··· RECORD SET ···

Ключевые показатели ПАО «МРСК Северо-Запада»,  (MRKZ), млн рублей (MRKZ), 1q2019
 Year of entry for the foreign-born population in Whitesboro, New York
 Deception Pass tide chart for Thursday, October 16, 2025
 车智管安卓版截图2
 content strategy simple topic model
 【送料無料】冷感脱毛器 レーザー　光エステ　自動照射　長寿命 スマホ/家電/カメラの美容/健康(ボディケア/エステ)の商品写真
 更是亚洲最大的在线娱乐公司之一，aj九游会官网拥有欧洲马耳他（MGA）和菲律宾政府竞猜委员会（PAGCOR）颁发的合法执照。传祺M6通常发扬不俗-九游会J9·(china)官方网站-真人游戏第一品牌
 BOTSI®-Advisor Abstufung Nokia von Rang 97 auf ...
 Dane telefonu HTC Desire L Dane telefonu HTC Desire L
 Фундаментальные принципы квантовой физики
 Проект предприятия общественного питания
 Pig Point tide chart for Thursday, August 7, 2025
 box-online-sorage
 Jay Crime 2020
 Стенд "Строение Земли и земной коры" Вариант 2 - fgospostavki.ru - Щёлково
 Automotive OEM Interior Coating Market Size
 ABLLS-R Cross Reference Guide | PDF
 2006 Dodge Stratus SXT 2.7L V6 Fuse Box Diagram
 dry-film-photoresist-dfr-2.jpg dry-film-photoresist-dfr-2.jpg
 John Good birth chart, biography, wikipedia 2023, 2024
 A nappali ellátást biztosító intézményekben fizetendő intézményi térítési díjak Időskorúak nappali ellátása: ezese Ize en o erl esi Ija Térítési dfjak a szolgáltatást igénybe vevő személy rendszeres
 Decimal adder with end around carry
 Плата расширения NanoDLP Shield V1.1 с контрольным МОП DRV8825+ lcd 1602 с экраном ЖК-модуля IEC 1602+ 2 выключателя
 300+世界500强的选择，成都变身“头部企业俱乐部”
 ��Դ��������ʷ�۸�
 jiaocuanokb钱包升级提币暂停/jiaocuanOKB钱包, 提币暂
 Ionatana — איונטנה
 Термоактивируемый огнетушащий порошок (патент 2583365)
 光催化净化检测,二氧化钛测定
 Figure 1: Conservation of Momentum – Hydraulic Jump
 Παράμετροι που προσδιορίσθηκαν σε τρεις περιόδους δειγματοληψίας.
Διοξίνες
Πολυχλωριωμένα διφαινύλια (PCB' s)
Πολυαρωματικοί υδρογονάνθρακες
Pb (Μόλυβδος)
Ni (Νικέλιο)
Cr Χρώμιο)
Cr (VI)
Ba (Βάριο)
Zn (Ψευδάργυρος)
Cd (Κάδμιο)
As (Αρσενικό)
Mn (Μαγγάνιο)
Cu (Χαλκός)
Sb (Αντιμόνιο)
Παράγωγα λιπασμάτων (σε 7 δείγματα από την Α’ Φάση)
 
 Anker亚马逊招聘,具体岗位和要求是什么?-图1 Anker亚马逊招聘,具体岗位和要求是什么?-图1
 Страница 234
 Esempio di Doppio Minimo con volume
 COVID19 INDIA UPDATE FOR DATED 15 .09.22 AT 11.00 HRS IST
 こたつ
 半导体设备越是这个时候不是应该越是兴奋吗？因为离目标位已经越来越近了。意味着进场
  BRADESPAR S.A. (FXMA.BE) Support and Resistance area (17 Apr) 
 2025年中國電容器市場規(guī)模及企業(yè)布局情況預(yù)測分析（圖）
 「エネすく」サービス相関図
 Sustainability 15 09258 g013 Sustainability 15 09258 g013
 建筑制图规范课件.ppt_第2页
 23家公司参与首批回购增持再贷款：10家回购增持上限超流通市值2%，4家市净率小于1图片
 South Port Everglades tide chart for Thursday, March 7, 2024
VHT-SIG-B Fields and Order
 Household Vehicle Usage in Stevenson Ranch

···

■ **TASK DIRECTIONS**
Precisely the lines between those holding "Термоактивируемый огнетушащий порошок" and "Παράγωγα λιπασμάτων (σε", inclusive, are to be reproduced from the listing above, with nothing added.

■ **RESPONSE FOR THIS EXERCISE**
 Термоактивируемый огнетушащий порошок (патент 2583365)
 光催化净化检测,二氧化钛测定
 Figure 1: Conservation of Momentum – Hydraulic Jump
 Παράμετροι που προσδιορίσθηκαν σε τρεις περιόδους δειγματοληψίας.
Διοξίνες
Πολυχλωριωμένα διφαινύλια (PCB' s)
Πολυαρωματικοί υδρογονάνθρακες
Pb (Μόλυβδος)
Ni (Νικέλιο)
Cr Χρώμιο)
Cr (VI)
Ba (Βάριο)
Zn (Ψευδάργυρος)
Cd (Κάδμιο)
As (Αρσενικό)
Mn (Μαγγάνιο)
Cu (Χαλκός)
Sb (Αντιμόνιο)
Παράγωγα λιπασμάτων (σε 7 δείγματα από την Α’ Φάση)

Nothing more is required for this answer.